Good advice from RC and Dendy here.  David, if you have been busted in that particular tree on numerous occasions just move to the opposite side of the trail and hunt a different wind.  Keep 'em guessing so to speak...has worked for me lots!!!  I also agree that being up and ready during prime time or when you hear something, etc puts the odds in your favor a bit.  I am extremely attentive on stand.  Get some practice getting into position etc when other critters are around such as turkeys, etc.  if you can get up, bow in hand at the ready with them in close, you can kill anything IMHO!!  Shoot straight and have confidence!!!  Oh, X2 ofn the face paint and gloved bow hand, etc.  I actually cut out the fingers on my string hand glove and mount the shooting glove over it, leaving my middle three bare and only covered by the glove..


----------



## dm/wolfskin (Oct 19, 2017)

I carry a folding saw in my pack and a hand clippers on my belt for trimming limbs out of my way. I like a quartering away shot best and look for my shot to go to the opposite shoulder. On straight trees with no limbs, I press my back against the trunk and become part of the tree's trunk till the shot present itself. I like to shoot standing but I do practice shooting sitting. I use face paint on my face and wear the Under Armour liner gloves. They cost too much but fit tight and long to cover up my writs for those biting no-see-um.


----------



## SELFBOW (Oct 19, 2017)

dm/wolfskin said:


> I carry a folding saw in my pack and a hand clippers on my belt for trimming limbs out of my way. I like a quartering away shot best and look for my shot to go to the opposite shoulder. On straight trees with no limbs, I press my back against the trunk and become part of the tree's trunk till the shot present itself. I like to shoot standing but I do practice shooting sitting. I use face paint on my face and wear the Under Armour liner gloves. They cost too much but fit tight and long to cover up my writs for those biting no-see-um.

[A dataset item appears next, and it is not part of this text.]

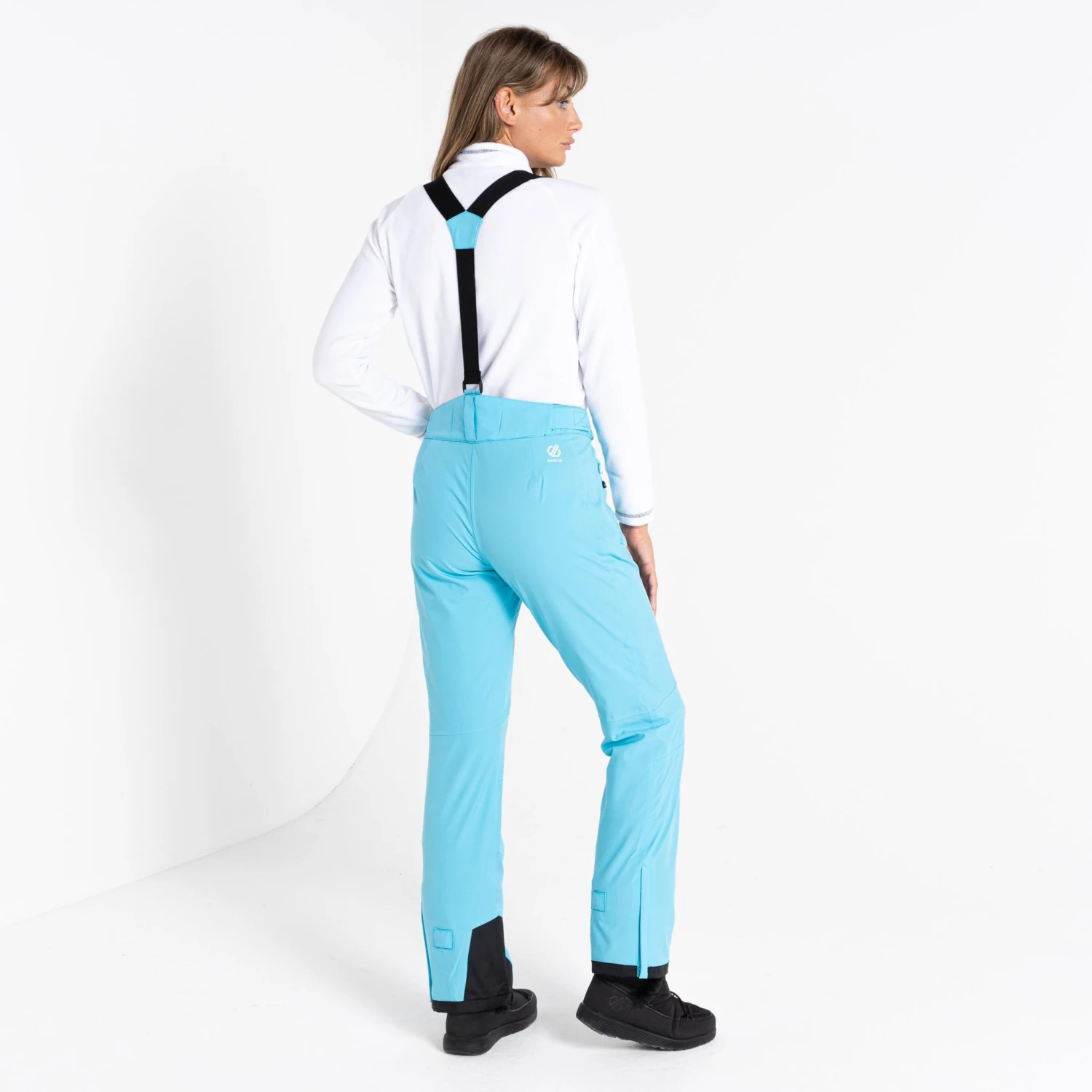 Womens Dare2b EFFUSED II RIVER BLUE Soft Shell Ski Pant- SHORT LEG EXCLUSIVE 6 Womens Dare2b EFFUSED II RIVER BLUE Soft Shell Ski Pant- SHORT LEG EXCLUSIVE - Image 4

3 of my 4 deer this year have been seated w small windows for shots. The standing one I heard coming and stood because there was a shot opt as they entered the plot from where I heard them.


----------



## NewTrad (Oct 20, 2017)

Thanks guys for some great advice.  Based on the pictures of harvested animals and associated discussions I've seen on here for the past couple of seasons, I knew that you guys would be an excellent source of advice.  I'll keep you guys updated on the outcome If and when I'm blessed to get the opportunity to take a shot...


----------



## NewTrad (Nov 11, 2017)

I finally broke the ice and got my first traditional bow harvest. 

I had the tree stand setup adjacent to an old grassy road and on the opposite side of the tree that I expected to see deer.  A couple of does moved up the road from the side of the tree that I wasn't looking and caught me totally by surprise.  The lead doe was ~7 yards from me and broadside and my bow was hanging on the tree hook.  I moved slowly to retrieve my bow and the lead doe caught my movement.  She jerked her head in my direction and stared.  She didn't run off, but became real fidgety.  After about a minute of acting skittish, she provided me with a broadside shot.  At the same time that I focused on a spot behind the shoulder, she started to bolt.  I let the arrow fly and made contact not behind the shoulder, but in the hindquarter.  After sitting in the tree stand for an hour or so and being disgusted with my shot placement, I decided to get down and look for blood.  At times she left a good blood trail, but I lost her several times in the thick stuff along a creek.  After searching for a couple hours and finding no doe, I decided to go back to the truck and wait for a couple of hours.  I took up the search again just outside of the thick undergrowth of where I lost blood and got lucky and found blood.  Approximately 5 hours from the time I took the shot, I found her.  

Even though the shot placement was awful, it was definitely my proudest archery deer harvest.

50# Bear Kodiak Magnum (passed down to me from my dad),
Beman Centershot Carbon Arrow
2 Blade, 125 grain Magnus Stinger Killer Bee.


----------



## jekilpat (Nov 12, 2017)

Congratulations man!  Way to stay after it.  Each one will get easier now.


----------



## dm/wolfskin (Nov 12, 2017)

Congrats.


----------



## Dennis (Nov 12, 2017)

Awesome good job


----------



## Hillbilly stalker (Nov 12, 2017)

You are now officially "hooked". Great job, way to hang in there, especially after the shot. Congratulations.


----------



## Allen Oliver (Nov 12, 2017)

Congrats.


----------



## Bonaire-Dave (Nov 12, 2017)

Glad to hear you didn't give up looking for the deer. Dave


----------



## Southern Thunder (Nov 12, 2017)

That's awesome. I harvested my first one this season too.


----------



## Stump Shooter (Nov 13, 2017)

Good job, still a lot of season left go get #2.


----------



## Barebowyer (Nov 13, 2017)

Well done


----------



## JiminSC (Nov 22, 2017)

Congrats! Way to not give up the search.


----------